Councilman Steve Salvatori said he doesn’t think the money should be earmarked exclusively for traffic safety or “traffic calming.” He would support using the money to hire more police officers not restricted to enforcing traffic laws.
“I am happy, willing and able to say what good does it do to walk down a new sidewalk if you’re going to get mugged?” he said.
More cameras anticipated
Fuller said based on crash statistics, she likely will propose adding cameras at two or three more intersections. Candidates include Mission and Greene Street, Trent Avenue and Napa Street, Spokane Falls Boulevard and Washington Street, and Five Mile Road and Ash Street.
But some City Council members prefer to instead install speed cameras in school zones. Spokane’s contract with ATS anticipates the possibility that speed cameras will be added.
Doing so would require a vote of the City Council.
Fuller credits cameras, at least in part, for the city’s crash reduction even as drivers seem more distracted by their cellphones.
“They are making a difference,” she said.
Fuller expects to propose new intersections for cameras in the next few months.

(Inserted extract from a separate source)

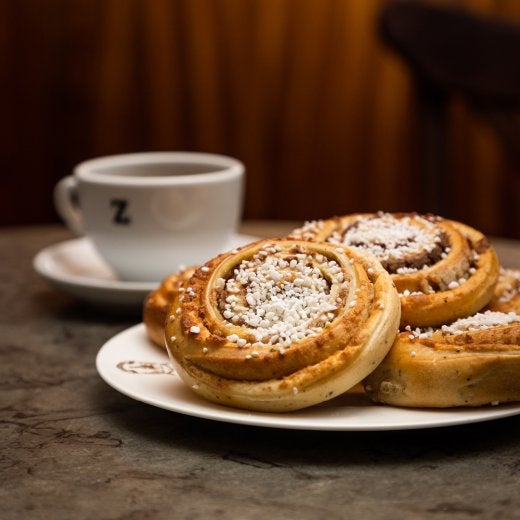 ett fat med kanelbullar och en kopp kaffe i bakgrunden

How the red-light camera system works
• A representative from the company that runs Spokane’s red-light cameras reviews all footage caught by the devices and forwards what they believe to be violations to Spokane police Officer Teresa Fuller for her review. She makes the final determination if a ticket will be sent and signs the tickets. If she has a conflict of interest in a case, she said, a sergeant reviews the ticket.
• If a police car is found in violation and there was no justified reason for the police officer to be running a light, the officer is subject to discipline but a violation is not issued, Fuller said.
• Tickets mailed to drivers come with pictures showing the alleged violation and a Web link to video showing the alleged violation.
• The city is working with the Department of Licensing to implement the withholding of vehicle tabs for drivers who haven’t paid their red-light camera tickets.
Spokane’s camera contract
The Spokane City Council unanimously approved a five-year extension with American Traffic Solutions, of Scottsdale, Ariz., in October. The city pays ATS $4,000 per month, per camera. The city expects to pay ATS $625,000 a year and generate $1.5 million a year under the contract. After three years, prices can increase by inflation.
The city can’t pay ATS any more than the fines they’ve collected unless:
• The police officer who reviews the tickets recommended by ATS waives more than 10 percent of the “valid violations.”
• The city declines to “enforce illegal right turn on red violations.”
• The city decides to install a camera at an intersection that averages fewer than eight violations per day at the time of installation.
Washington laws on automated safety cameras
• Violations do not appear on a driver’s record and can’t be used to increase car insurance prices.
• Cameras must not capture images of drivers.
• Yellow light times must be in accordance with state law and may not be decreased after cameras are installed.
• “Automated traffic safety cameras” are allowed only to catch red-light violations, speed violations in school zones, violations at railroad crossings, or people who don’t observe red flashing lights and stop signs on school buses. Spokane’s City Council has approved their use only for red-light running.
• The owner of a car found in violation via a camera is presumed to be the driver unless the owner states under oath, in a written statement to the court or in testimony before the court, that he or she wasn’t driving the car at the time of the violation.
• Electronic images must not be “retained longer than necessary” to enforce the violation.
• Rental car companies can pay fines or give police the name of the person renting the vehicle at the time. Those people are issued the violations.